On top of all, English language was preferred, though not necessary, which seemed to scare off many students.
Luckily though, I passed PPDT test and went ahead for the final round.
Medical test is the only test where you totally rely on your luck. You don’t know if your knee bones come in contact when you put both of your ankles together. If they do, you’re probably out of luck.
Similar weird tests are taken inside the medical room. Students were afraid and was very angry at the fact that their underwear had to be taken off although at the last moment no one seemed to step away because of that.
When my turn came, I went inside and I was told to put my glasses away and read the sign that was at about 5 feet’s distance. I couldn’t read. So, they gave me a receipt and I was not allowed.
Jeez! I should’ve known. I suspected, though.
How I feel as an Ex-Military Admission Test Participant 😐
The thing that annoyed me most was why they didn’t state in the first place that anyone with eyesight issue would not be allowed. I knew it would be the case still I wanted to take a shot at it. I didn’t have a 100% wish to get into Air Force until I passed both IQ and PPDT test. As I passed those tests throughout the whole day, my confidence level including my hope began to rise. My mom at home was really hopeful. Everyone was. Passing the IQ test without any preparation (I didn’t know what to study) was more than just luck.
But as the sun was setting down, I found myself crossing the college ground with a receipt in my hand that states my current eyesight power and a mark next to the checkbox, “Disallowed.”
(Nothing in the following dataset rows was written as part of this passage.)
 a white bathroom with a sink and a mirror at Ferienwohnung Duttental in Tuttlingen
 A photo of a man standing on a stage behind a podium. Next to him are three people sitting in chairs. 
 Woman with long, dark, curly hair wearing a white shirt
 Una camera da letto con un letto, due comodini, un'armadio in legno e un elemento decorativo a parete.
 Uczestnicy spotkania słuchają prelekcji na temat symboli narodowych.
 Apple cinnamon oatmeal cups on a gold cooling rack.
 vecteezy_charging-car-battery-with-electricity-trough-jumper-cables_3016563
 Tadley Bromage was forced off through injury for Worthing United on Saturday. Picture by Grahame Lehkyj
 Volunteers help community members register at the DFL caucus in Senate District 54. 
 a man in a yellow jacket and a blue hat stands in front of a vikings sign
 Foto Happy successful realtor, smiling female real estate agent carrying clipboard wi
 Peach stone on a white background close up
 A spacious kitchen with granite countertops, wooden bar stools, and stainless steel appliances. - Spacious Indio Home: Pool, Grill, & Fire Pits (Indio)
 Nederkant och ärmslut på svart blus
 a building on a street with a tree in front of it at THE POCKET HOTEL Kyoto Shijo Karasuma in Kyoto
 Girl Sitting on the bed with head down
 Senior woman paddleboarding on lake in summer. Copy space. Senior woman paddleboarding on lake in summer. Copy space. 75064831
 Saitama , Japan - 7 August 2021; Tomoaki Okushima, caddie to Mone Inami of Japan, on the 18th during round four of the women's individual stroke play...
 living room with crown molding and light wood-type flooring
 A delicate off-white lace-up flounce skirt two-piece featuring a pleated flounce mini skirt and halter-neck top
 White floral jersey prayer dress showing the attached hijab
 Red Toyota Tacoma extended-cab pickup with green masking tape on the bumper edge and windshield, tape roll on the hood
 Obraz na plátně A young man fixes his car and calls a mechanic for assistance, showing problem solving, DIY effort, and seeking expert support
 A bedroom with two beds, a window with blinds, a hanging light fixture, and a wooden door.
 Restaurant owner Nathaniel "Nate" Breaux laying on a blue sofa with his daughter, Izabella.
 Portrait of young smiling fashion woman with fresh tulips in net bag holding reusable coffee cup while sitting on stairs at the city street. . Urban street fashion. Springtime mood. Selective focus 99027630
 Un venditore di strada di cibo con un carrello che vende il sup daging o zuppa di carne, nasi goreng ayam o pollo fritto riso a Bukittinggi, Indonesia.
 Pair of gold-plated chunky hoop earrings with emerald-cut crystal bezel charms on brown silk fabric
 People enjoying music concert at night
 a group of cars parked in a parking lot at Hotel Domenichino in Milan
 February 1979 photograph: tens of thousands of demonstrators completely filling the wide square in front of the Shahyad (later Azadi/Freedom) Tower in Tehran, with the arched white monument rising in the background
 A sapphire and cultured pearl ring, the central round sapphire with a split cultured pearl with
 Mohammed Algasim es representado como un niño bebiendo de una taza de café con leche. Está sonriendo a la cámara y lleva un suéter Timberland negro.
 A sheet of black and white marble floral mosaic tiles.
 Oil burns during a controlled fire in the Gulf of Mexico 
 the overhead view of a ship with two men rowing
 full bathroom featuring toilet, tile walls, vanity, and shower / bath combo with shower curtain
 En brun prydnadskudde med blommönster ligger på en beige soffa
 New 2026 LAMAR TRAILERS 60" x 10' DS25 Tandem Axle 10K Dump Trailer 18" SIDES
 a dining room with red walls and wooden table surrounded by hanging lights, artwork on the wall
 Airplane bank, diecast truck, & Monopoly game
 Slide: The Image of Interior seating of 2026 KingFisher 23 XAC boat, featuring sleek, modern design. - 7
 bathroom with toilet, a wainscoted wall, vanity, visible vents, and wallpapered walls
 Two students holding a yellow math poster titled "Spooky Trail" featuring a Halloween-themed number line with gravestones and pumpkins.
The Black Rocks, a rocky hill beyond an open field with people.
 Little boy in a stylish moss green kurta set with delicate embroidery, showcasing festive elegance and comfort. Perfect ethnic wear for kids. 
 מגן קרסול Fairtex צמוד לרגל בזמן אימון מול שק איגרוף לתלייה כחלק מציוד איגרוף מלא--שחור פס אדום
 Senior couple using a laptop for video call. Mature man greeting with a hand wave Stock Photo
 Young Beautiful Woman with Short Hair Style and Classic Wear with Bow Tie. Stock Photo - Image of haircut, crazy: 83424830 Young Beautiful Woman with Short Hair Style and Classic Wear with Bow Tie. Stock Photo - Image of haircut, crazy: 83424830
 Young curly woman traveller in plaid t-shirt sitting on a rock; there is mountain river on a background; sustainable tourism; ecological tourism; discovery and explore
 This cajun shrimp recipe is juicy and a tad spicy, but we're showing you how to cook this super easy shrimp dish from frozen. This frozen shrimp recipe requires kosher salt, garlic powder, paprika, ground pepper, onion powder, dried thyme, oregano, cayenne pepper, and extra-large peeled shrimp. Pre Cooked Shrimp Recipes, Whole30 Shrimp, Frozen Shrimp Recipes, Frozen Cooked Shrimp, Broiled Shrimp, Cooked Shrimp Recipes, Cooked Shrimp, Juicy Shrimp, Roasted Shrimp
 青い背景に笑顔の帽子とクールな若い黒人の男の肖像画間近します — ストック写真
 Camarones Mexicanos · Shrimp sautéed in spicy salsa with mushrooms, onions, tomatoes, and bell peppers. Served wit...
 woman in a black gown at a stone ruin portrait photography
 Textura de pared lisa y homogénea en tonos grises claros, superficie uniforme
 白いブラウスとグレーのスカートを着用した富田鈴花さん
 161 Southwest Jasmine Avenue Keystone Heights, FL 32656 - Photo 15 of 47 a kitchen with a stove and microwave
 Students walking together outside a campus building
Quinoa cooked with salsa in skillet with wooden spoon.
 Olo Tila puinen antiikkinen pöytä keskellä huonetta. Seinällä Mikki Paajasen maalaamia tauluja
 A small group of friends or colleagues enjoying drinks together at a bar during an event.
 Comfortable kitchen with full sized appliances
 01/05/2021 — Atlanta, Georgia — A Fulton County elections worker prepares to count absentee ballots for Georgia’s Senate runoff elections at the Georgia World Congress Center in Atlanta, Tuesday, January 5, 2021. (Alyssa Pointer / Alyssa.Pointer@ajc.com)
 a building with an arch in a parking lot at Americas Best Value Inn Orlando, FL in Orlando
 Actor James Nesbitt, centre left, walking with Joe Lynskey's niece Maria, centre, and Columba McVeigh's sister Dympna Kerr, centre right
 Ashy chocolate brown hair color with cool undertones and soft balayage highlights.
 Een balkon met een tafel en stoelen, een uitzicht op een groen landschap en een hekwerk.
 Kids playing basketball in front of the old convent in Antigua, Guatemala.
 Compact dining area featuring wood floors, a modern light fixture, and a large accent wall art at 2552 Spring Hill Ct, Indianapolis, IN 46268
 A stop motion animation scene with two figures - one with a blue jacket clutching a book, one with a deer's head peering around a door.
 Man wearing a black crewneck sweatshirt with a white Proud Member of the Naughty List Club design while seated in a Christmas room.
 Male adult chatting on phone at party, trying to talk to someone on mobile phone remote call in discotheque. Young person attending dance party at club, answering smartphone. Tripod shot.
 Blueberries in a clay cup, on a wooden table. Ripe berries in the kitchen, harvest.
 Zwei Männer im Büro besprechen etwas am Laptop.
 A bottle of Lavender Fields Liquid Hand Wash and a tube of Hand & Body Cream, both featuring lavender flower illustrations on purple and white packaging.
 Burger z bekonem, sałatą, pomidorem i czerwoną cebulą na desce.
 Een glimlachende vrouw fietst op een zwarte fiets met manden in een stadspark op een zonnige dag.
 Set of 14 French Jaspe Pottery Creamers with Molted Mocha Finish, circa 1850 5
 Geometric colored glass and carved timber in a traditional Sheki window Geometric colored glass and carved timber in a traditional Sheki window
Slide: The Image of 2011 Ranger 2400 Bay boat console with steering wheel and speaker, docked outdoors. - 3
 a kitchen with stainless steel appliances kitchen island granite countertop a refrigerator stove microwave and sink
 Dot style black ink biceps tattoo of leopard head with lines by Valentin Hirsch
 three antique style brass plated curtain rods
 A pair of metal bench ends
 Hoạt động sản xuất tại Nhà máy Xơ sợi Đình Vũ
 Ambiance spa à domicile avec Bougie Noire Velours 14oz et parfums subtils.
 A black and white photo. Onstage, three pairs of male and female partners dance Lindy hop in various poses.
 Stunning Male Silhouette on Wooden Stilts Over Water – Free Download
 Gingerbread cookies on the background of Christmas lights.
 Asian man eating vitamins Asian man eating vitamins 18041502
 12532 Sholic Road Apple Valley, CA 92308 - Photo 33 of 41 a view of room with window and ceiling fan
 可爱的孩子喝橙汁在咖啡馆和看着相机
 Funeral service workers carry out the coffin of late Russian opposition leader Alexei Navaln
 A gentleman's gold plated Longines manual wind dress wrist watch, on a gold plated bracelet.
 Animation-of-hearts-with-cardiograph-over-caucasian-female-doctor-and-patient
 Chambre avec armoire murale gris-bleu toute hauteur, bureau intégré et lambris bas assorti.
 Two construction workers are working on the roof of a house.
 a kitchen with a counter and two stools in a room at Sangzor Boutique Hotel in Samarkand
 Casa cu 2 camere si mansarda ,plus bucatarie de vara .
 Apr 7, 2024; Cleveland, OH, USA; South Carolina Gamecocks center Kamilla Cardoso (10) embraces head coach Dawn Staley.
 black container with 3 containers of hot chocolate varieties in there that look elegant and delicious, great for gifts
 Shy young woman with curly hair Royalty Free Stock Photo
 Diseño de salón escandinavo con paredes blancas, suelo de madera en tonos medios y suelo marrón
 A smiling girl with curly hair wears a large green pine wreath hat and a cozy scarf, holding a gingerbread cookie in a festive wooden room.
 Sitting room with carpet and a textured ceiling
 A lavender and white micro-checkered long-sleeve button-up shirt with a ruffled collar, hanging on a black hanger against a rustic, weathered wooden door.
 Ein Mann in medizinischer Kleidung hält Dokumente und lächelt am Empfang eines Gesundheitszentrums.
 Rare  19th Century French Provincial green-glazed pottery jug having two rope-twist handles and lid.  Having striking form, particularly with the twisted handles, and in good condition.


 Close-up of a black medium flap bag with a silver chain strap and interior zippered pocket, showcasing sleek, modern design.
An elderly came by and told me that I should give it another try after the HSC exam; when the circular is made public. They don’t even take the PPDT test from general people. But I don’t think I’m going to. The same test was taken another time at our college but I didn’t go. Why should I waste another time anyway?
There were 400 participants at the beginning of the day taking part in the IQ exam. Only about 7 made to Inter-Services Selection Board (ISSB) where they’ll get a [probably] 4 day training before getting a confirmation. As far as I know, if one’s confirmed, they will go to the scary 6-month long training outside Dhaka after the HSC. And if they fail even before that, they’ll just have a little more disappointment in their minds than I have.
But I’m not so very sad after all. Who knows, perhaps the universe has better plans with me! (I’m already getting huge public response on a local website I made. Even companies are beginning to join in. Maybe this can turn out to be a business someday!)
What I want to be in my life is a question I haven’t known for long. Now I do. I’ll write about that someday later.